Introduction
OpenAI’s Codex CLI is the same coding agent that powers ChatGPT’s Codex. You can now run this coding agent entirely on Azure infrastructure, which keeps your data inside your compliance boundary and gives you the advantages of enterprise‑grade security, private networking, role‑based access control, and predictable cost management. Codex is more than a chat with your code agent – it is an asynchronous coding agent that can be triggered from your terminal or from a GitHub Actions runner, automatically opening pull requests, refactoring files, and writing tests with the credentials of your Azure OpenAI deployment. Explore deploying it with Azure OpenAI for use cases such as language translation, data‑to‑code, and legacy migration as detailed in the original Introducing Codex blog post.
After you are up and running, visit gitagu.com to configure your repository for Codex and to browse a growing catalog of other Azure‑hosted coding agents, including GitHub Copilot Coding Agent, Cognition Devin, SRE Agent, and more.
Prerequisites
- An active Azure subscription with access to Azure OpenAI.

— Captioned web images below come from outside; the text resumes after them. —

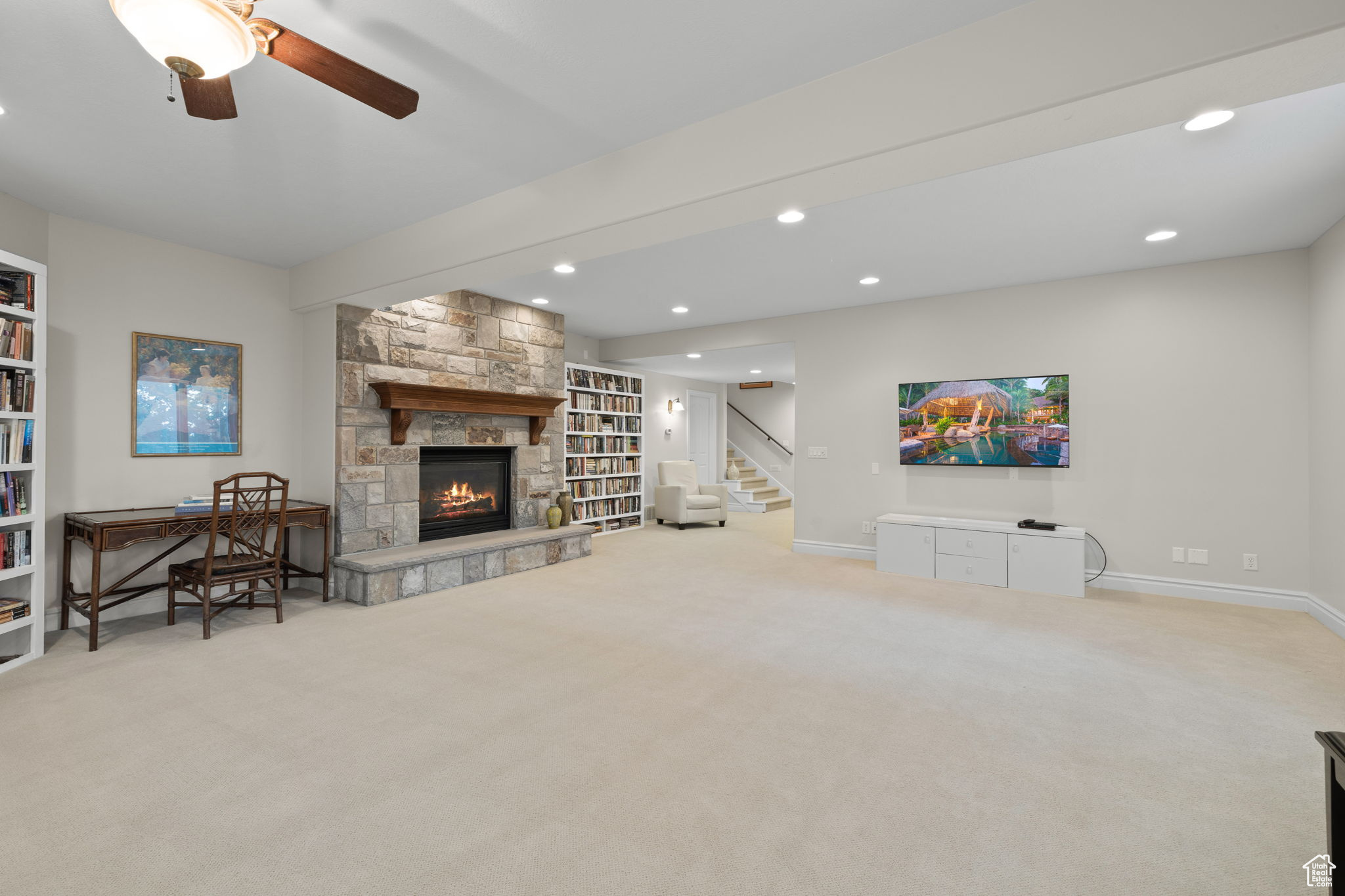 LAKEVIEW RIDGE - Residential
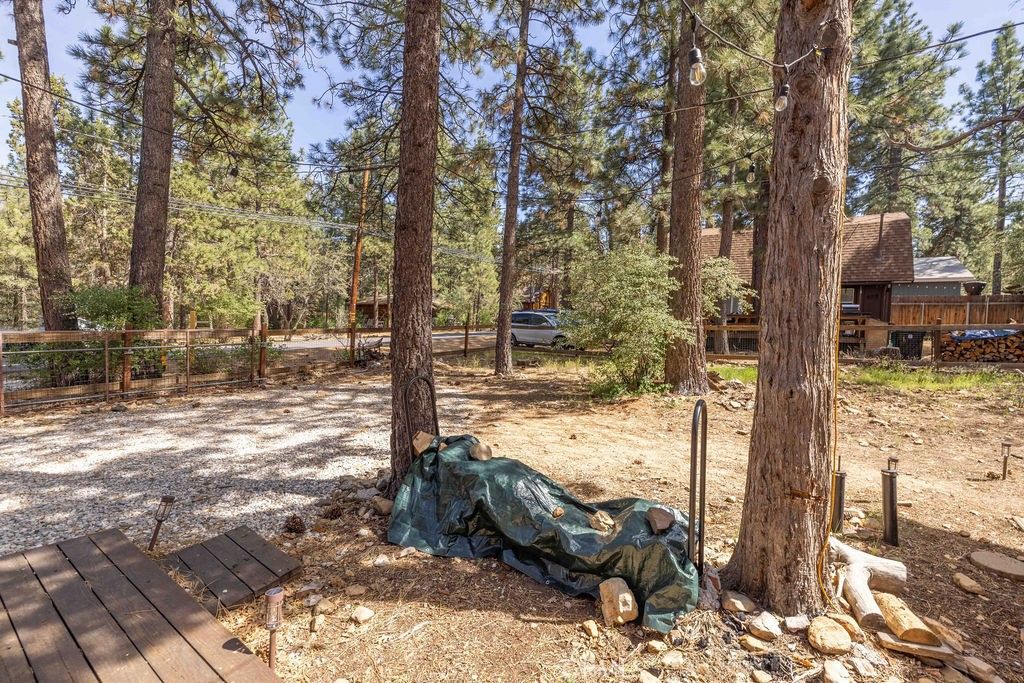 Image 30 of property listing at 212 Moreno, Sugarloaf, CA 92386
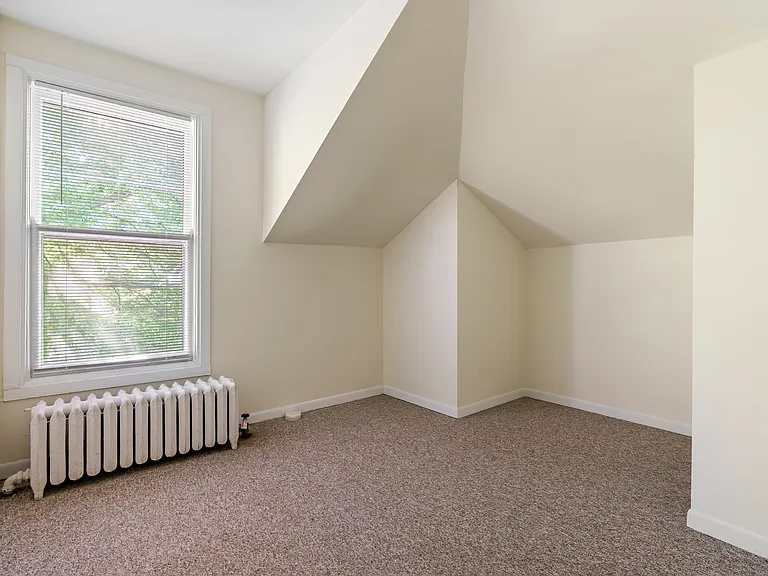 1235 Ridge Ave — Photo 27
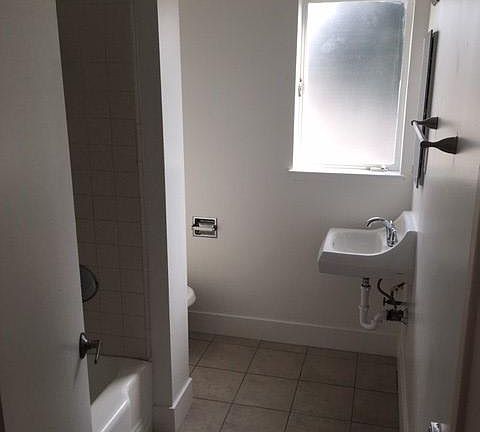 5th image of 9409 Crenshaw Blvd APT 3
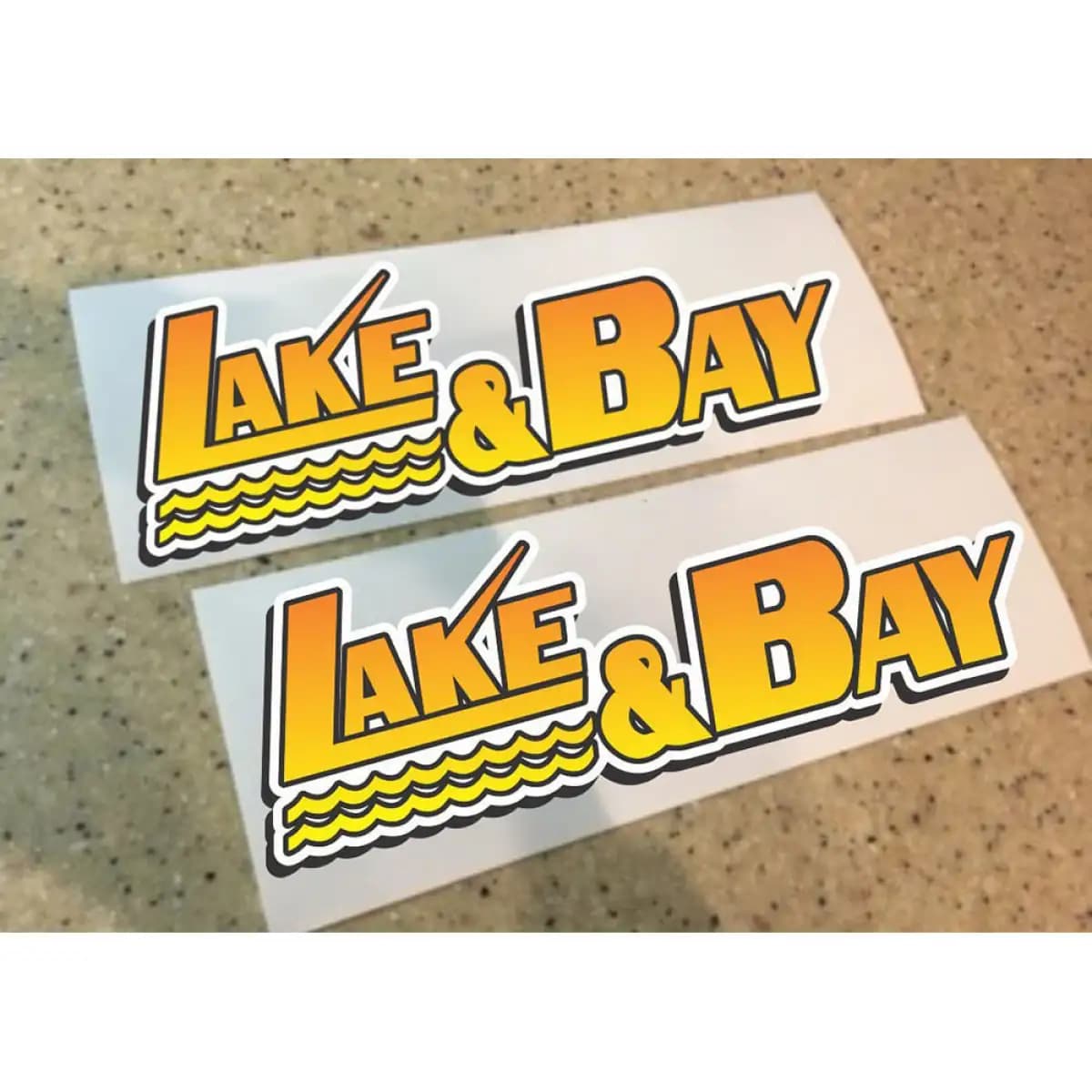 Lake & Bay 16 - Universal Logo Deca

- Contributor permissions in Azure AI Foundry.
- macOS, Linux, or Windows 11 plus WSL 2 (Codex is trained on Unix‑style shells).
- Node 18+ and
npm
for installing the CLI.
Step 1 – Deploy a Codex model in Azure AI Foundry
- Go to
ai.azure.com
and create a new project. - Select a reasoning model such as
codex-mini
,o4-mini
, oro3
. - Click Deploy, choose a name, and wait about two minutes.

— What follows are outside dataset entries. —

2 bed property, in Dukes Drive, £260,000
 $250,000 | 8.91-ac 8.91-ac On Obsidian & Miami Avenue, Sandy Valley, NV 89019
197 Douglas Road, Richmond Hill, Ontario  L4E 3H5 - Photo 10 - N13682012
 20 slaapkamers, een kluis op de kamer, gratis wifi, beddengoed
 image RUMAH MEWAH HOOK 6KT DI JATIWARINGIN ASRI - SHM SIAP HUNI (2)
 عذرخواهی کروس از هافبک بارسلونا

- Copy the Endpoint URL and generate an API key.
Step 2 – Install the Codex CLI
npm install -g @openai/codex
codex --version # verify installation
Step 3 – Configure ~/.codex/config.json
{
"model": "codex-mini",
"provider": "azure",
"providers": {
"azure": {
"name": "AzureOpenAI",
"baseURL": "https://<your-resource>.openai.azure.com/openai",
"envKey": "AZURE_OPENAI_API_KEY"
}
},
"history": {
"maxSize": 1000,
"saveHistory": true,
"sensitivePatterns": []
}
}
# Linux, macOS, or WSL
export AZURE_OPENAI_API_KEY="<your-api-key>"
Step 4 – Explore with your coding agent
codex -p azure
# generate a unit test for src/utils/date.ts
# convert this Java class to Python
Step 5 – Run Codex in GitHub Actions
Codex can execute as part of your CI pipeline. Store your API key in the
repository’s secret store as AZURE_OPENAI_API_KEY
and add a job like:
jobs:
codex_refactor:
runs-on: ubuntu-latest
steps:
- uses: actions/checkout@v4
- name: Run Codex agent
run: |
npm install -g @openai/codex
export AZURE_OPENAI_API_KEY=${{ secrets.AZURE_OPENAI_API_KEY }}
codex -p azure "# refactor the authentication module for clarity"
Step 6 – Explore more agents with Gitagu
- Browse detailed docs and benchmarks for other Azure‑hosted agents.
- Create repo‑ready configuration guides with one click.
- Experiment with GitHub Copilot Coding Agent, Cognition Devin, SRE Agent, and others.
Troubleshooting
Symptom | Fix |
---|---|
401 Unauthorized |
Ensure AZURE_OPENAI_API_KEY is exported in the current shell or set as a GitHub secret. |
ENOTFOUND or DNS error |
Verify the baseURL is correct and ends in /openai . |
Conclusion
In just a few minutes you can connect an AI coding agent to your Azure tenant, keep intellectual property secure, and accelerate software delivery. Combine Codex CLI, GitHub Actions, and Gitagu’s agent catalog to build a flexible AI‑powered engineering workflow. Give it a try and share what you create.